MLC Sues Spotify For Unpaid Songwriter Royalties, Spotify Responds

(Hypebot) — The Mechanical Licensing Collective (MLC) has filed a lawsuit in opposition to Spotify, searching for what it says are unpaid royalties due underneath its obligatory mechanical blanket license.

The authorized motion comes after Spotify reclassified its Premium Particular person, Duo, and Household subscription plans as “Bundled Subscription Choices” as a result of these plans embrace entry to audiobooks. By some estimates, the reclassification may price songwriters as much as $150 million yearly.

The MLC administers the blanket obligatory license for the usage of musical works by digital music companies.
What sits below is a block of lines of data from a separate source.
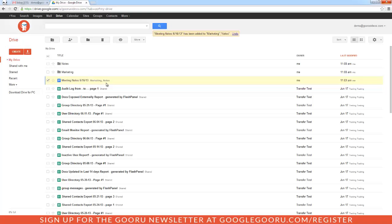It's good to point out here that adding a file to multiple folders does not create multiple copies of your file. So if you make an edit on the document under one folder, the edit will be seen in the same document of the other folder.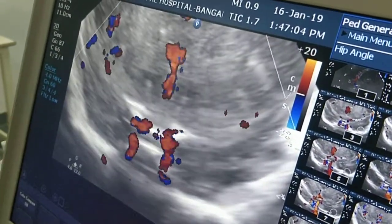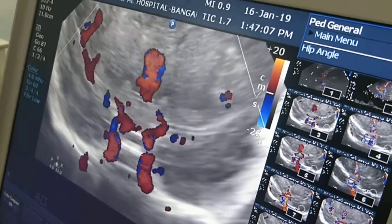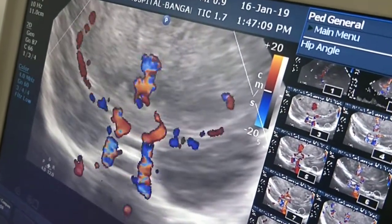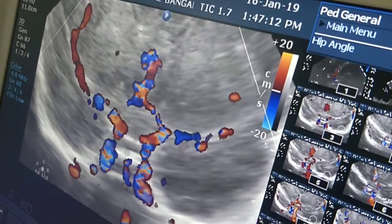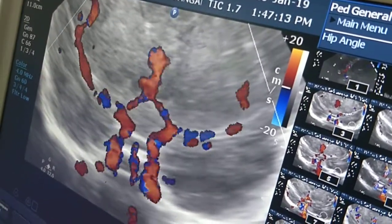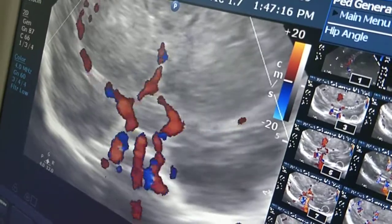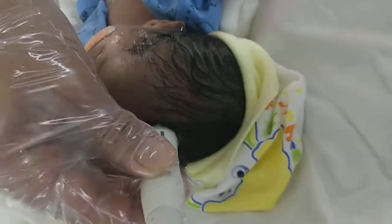So this is a beautiful demonstration of the circle of Willis on color Doppler, by placing the probe here in the coronal plane with the marker facing to the right.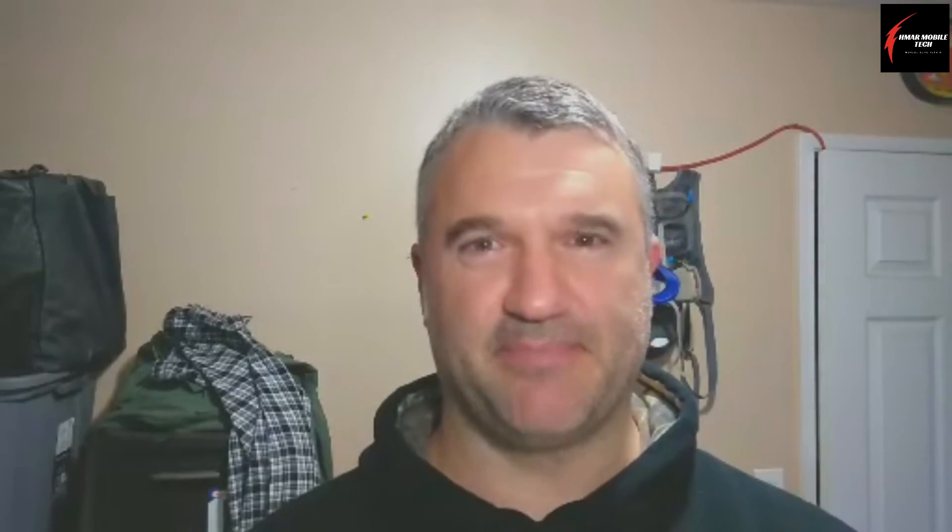Subscribe, like, and share. Watch some of my other videos. Thank you for watching. I will see you next time.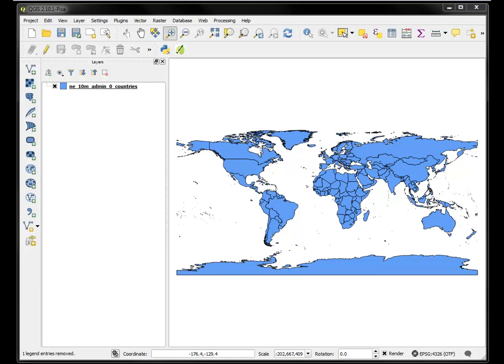Okay, this is part 6 of the QGIS 2.10 tutorials, and in this one we're going to do something different. We're going to do a distance matrix between two point layers, and then we're going to do statistical summaries of a spatial join.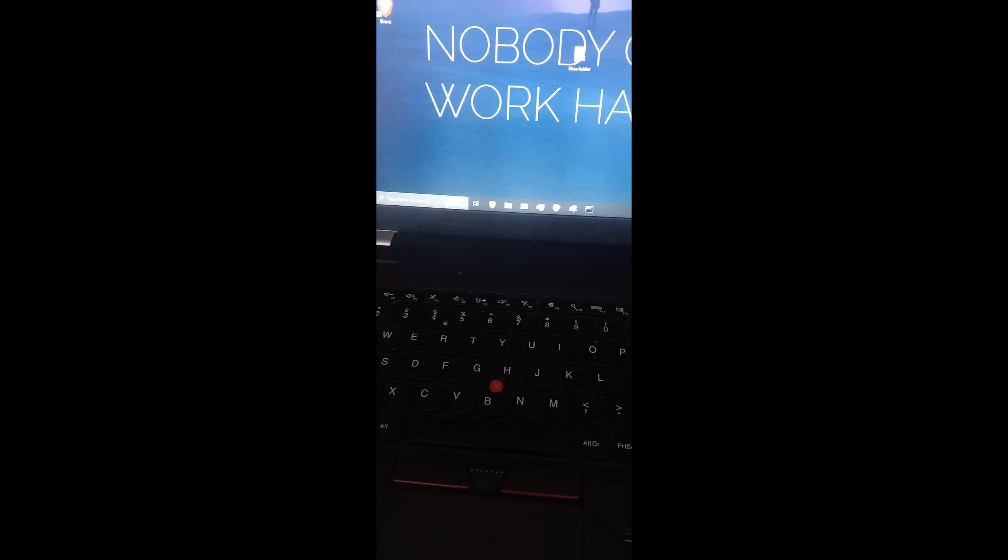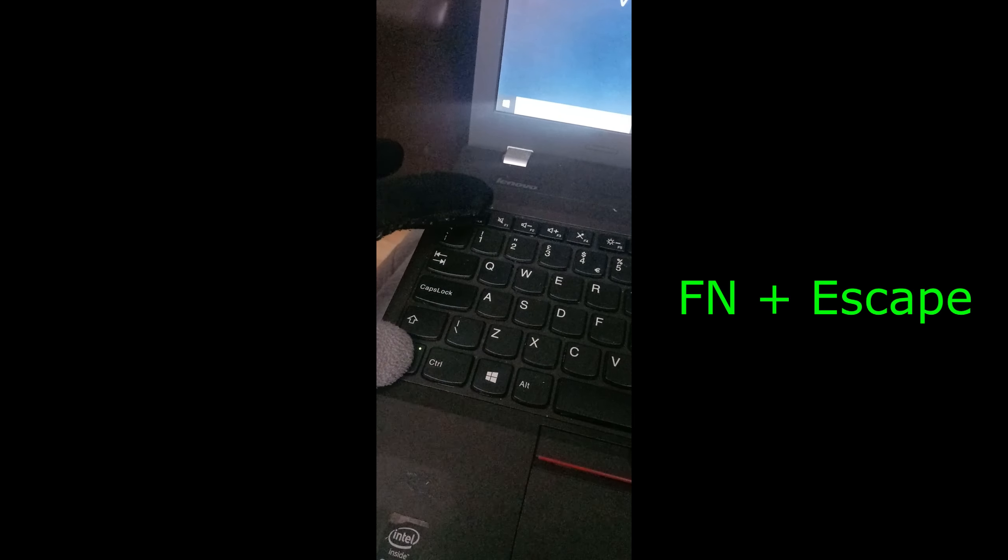So guys, the first reason why this may not be working is because you do not have the function key enabled. What I mean by that is you want to try to press Fn and then click on Escape.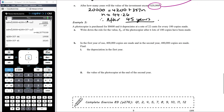Example 3: A photocopier is purchased for $8,600 and depreciates at a rate of 22 cents per 100 copies made. Write the rule for the value Vₙ after n lots of 100 copies: Vₙ = 8600 − 0.22n, where n counts groups of 100 copies.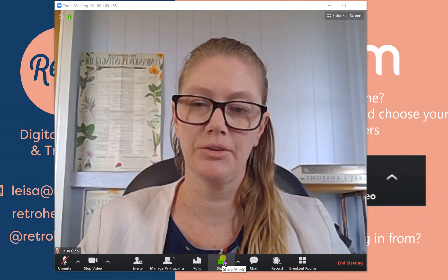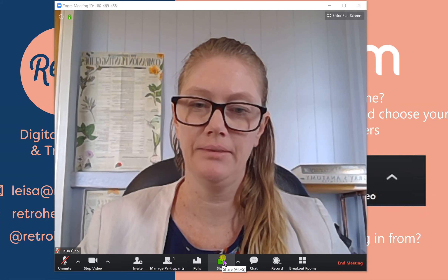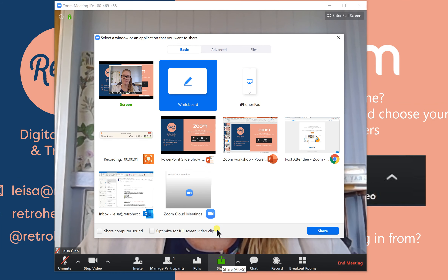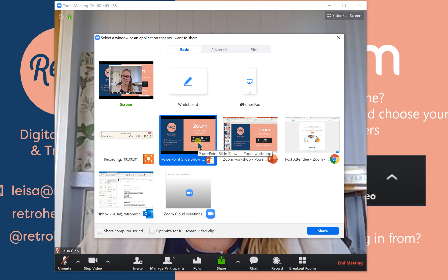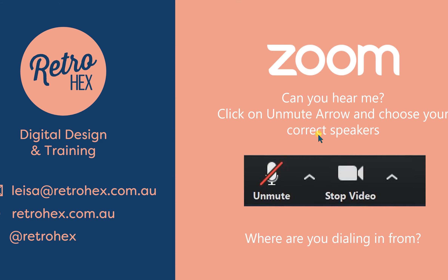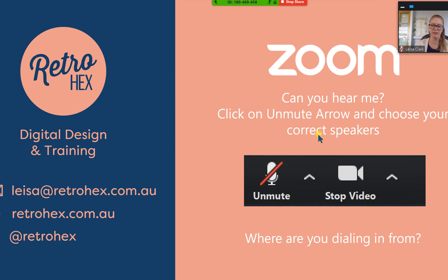When you're sharing a screen, you can also do drawings or annotations on that screen. I'm currently sharing this screen.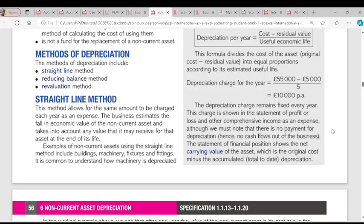Now we go to methods of depreciation. We have the straight line method, the reducing balance method, and revaluation. For the straight line method, we find the cost and the residual value along with the economic life — which is the same as the useful life. Depreciation per year equals cost minus residual value, divided by the economic life. If the asset is expected to be used for five years, the economic life is five years. The residual value is the amount you are going to sell the asset for after its economic life.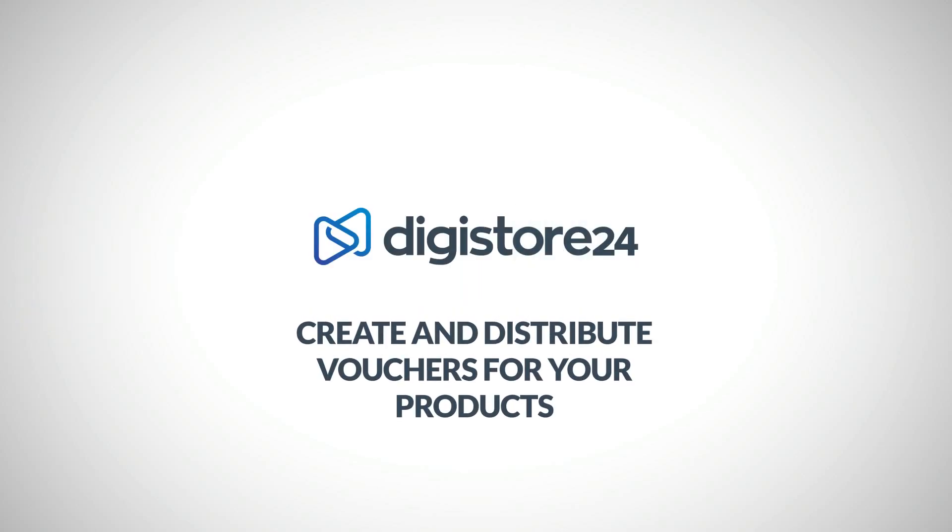Hey! In this short video, I'll show you how to create a voucher that can be redeemed when purchasing your products.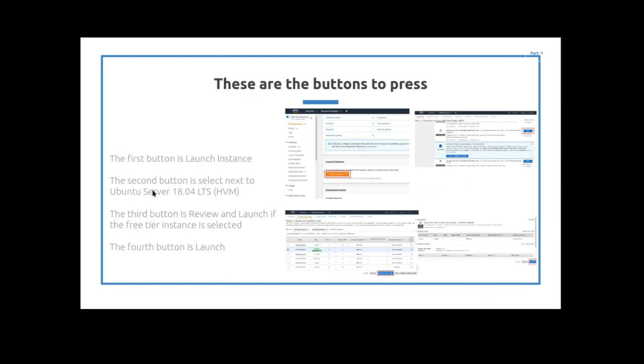So the next step is you're going to have to launch the instance. You find this launch instance button and you launch the instance. Then it's going to ask you what type of operating system do you want to use, and we want to select Ubuntu server 18.04. And then after you go to that, it's going to ask you what resource package you're going to use, and we want to use the free tier. And then we're going to launch into the final confirmation and then we're going to launch it.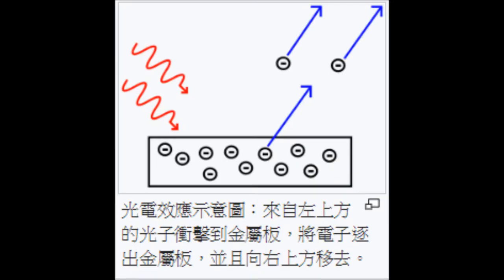First, I want to talk about the photoelectric effect. The effect means when there is some light that shoots down onto the metal, some electrons get away from the metal.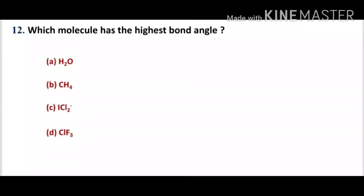The last question, number 12: which molecule has the highest bond angle? Options: A, H2O; B, CH4; C, ICl2−; D, ClF3.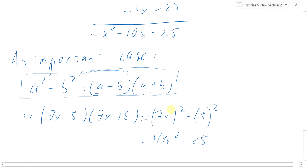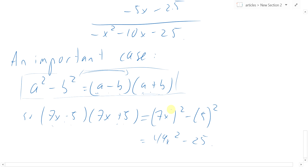That is everything we need to know about distribution, and we can move on to factoring next.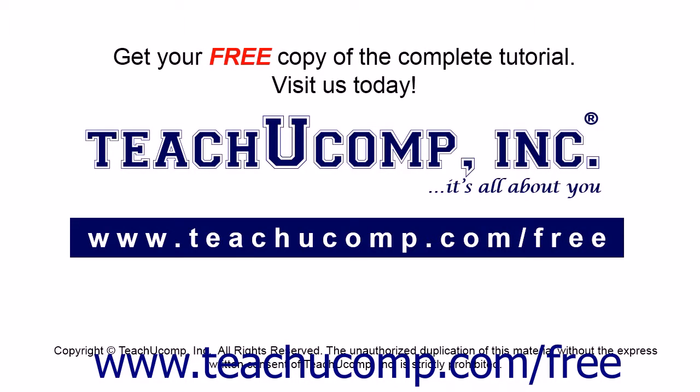Get your free copy of the complete tutorial at www.teachucomp.com forward slash free.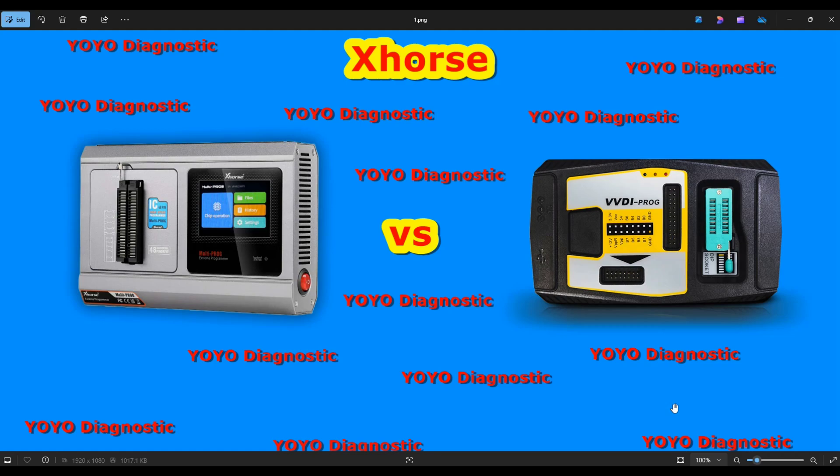If you already have the VVDI Prog and use clones like KT200 or KitTag for reading ECUs, the Multi-Prog may not be worth it. I believe it's currently around 800–900 euros. I'll leave a link in the description below — I'm not paid by this company. I found it at another place, around 100 euros cheaper than on the VVDI website, and it still comes with warranty.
The lawsuit alleges that Spotify’s place doesn’t adjust to relevant legal guidelines and laws and that the MLC has statutory authority to deal with non-compliance.

“The MLC was designated by the Register of Copyrights to manage the blanket license and is the one entity with the statutory mandate to gather and distribute blanket license royalties and take authorized motion to implement royalty cost obligations,” mentioned The MLC’s CEO Kris Ahrend. “The MLC takes critically its obligation to take motion on behalf of our Members after we imagine utilization reporting and royalty funds are materially incorrect.”

Spotify responded with this assertion:

“The lawsuit considerations phrases that publishers and streaming companies agreed to and celebrated years in the past underneath the Phono IV settlement. Bundles had been a vital part of that settlement, and a number of DSPs embrace bundles as a part of their mixture of subscription choices. Spotify paid a report quantity to publishers and societies in 2023 and is on observe to pay out a good bigger quantity in 2024. We sit up for a swift decision of this matter.

Spotify vs. Songwriters

The contentious relationship between Spotify and songwriters over royalties has not too long ago grown extra combative.

On Wednesday, Spotify bought a cease-and-desist letter from the Nationwide Music Publishers Affiliation (NMPA) concerning the streamer’s use of lyrics in newly launched video features and a remix function that allows customers to hurry up and edit songs to create spinoff works.

In response to the NMPA’s stop and desist letter, a Spotify spokesperson mentioned:

“This letter is a press stunt full of false and deceptive claims. It’s an try and deflect from the Phono IV deal that the NMPA agreed to and celebrated again in 2022. We paid a report quantity to profit songwriters in 2023, and we’re on observe to exceed this quantity in 2024. Spotify is a platform for licensed content material. We’re dedicated to the integrity of our platform, and now we have a transparent course of in place for rightsholders to contact Spotify about any content material they imagine is unlicensed.”

The NMPA has additionally been vital of Spotify’s reclassification of bundles and the impact it is going to have on songwriters.

Bruce Houghton is the Founder and Editor of Hypebot, a Senior Advisor at Bandsintown, President of the Skyline Artists Company, and a Berklee Faculty Of Music professor.